N° Portalis DBV5-V-B7I-HCZ7

[F]

C/

MACIF

CPAM DU VAL D'OISE

Loi n° 77 - 1468 du 30/12/1977

Copie revêtue de la formule exécutoire

Le 03 juin 2025 aux avocats

Copie gratuite délivrée

Le 03 juin 2025 aux avocats

RÉPUBLIQUE FRANÇAISE

AU NOM DU PEUPLE FRANÇAIS

COUR D'APPEL DE POITIERS

1ère Chambre Civile

ARRÊT DU 03 JUIN 2025

Décision déférée à la Cour : Jugement du 17 juin 2024 rendu par le Tribunal Judiciaire de NIORT

APPELANTE :

Madame [I] [F] épouse [P]

née le [Date naissance 2] 1974 à [Localité 6] (45)

[Adresse 5]

ayant pour avocat postulant Me Sébastien FOUCHERAULT de la SAS AVODES, avocat au barreau de DEUX-SEVRES et pour avocat plaidant Me Jean-Louis

CHALANSET, avocat au barreau de PARIS

INTIMÉES :

MACIF

N° SIRET : 781 452 511

[Adresse 1]

ayant pour avocat postulant Me Laura ROOSE de la SCP FORT-BOSSANT-ROOSE, avocat au barreau de DEUX-SEVRES et pour avocat plaidant Me Eric CALLON, avocat au barreau de PARIS

CAISSE PRIMAIRE D'ASSURANCE MALADIE DU VAL D'OISE

[Adresse 7]

[Adresse 3]

défaillante

COMPOSITION DE LA COUR :

En application des articles 907 et 786 du Code de Procédure Civile, l'affaire a été débattue le 31 Mars 2025, en audience publique, les avocats ne s'y étant pas opposés, devant :

Monsieur Thierry MONGE, Président de Chambre

Ce magistrat a rendu compte des plaidoiries dans le délibéré de la Cour, composée de :

Monsieur Thierry MONGE, Président de Chambre

Monsieur Dominique ORSINI, Conseiller

Monsieur Philippe MAURY, Conseiller

GREFFIER, lors des débats : Monsieur Lilian ROBELOT,

ARRÊT :

- RÉPUTÉ CONTRADICTOIRE

- Prononcé publiquement par mise à disposition au greffe de la Cour, les parties ayant été préalablement avisées dans les conditions prévues au deuxième alinéa de l'article 450 du Code de procédure civile,

- Signé par Monsieur Thierry MONGE, Président de Chambre, et par Monsieur Lilian ROBELOT, Greffier auquel la minute de la décision a été remise par le magistrat signataire.

*****

EXPOSÉ :

Madame [I] [F], alors épouse [P], née le [Date naissance 2] 1974, étudiante, a été grièvement blessée le 5 août 1998 dans un accident de la circulation survenu au Maroc, alors qu'elle était passagère transportée dans un véhicule automobile conduit par son mari et assuré à la Macif.

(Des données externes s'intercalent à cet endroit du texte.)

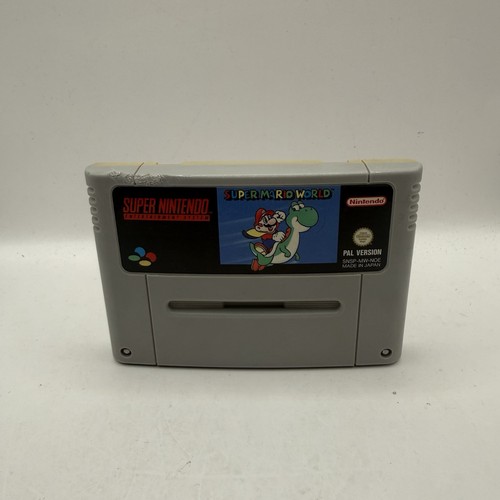 Super mario world - super,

Elle a présenté une fracture écrasement des vertèbres C4 et C5 qui a immédiatement entraîné une tétraplégie complète du niveau C5.

La Macif n'a pas discuté son obligation de réparer les conséquences de cet accident et une expertise médicale amiable a été confiée aux docteurs [S] et [Z], qui ont déposé en date du 17 mars 2001 un rapport concluant à la consolidation de l'état de la victime acquise au jour de leur examen et retenant, notamment,

-une incapacité temporaire totale du 5 août 1998 au 6 avril 2000

-un taux de déficit fonctionnel permanent de 90%

-des souffrances endurées de 6/7

-la nécessité d'une assistance par tierce personne 24h/24

-la nécessité viagère d'un matériel et d'équipements médicaux à renouveler

-la nécessité d'un véhicule adapté

-la nécessité d'un logement adapté avec peut-être contrôle vocal.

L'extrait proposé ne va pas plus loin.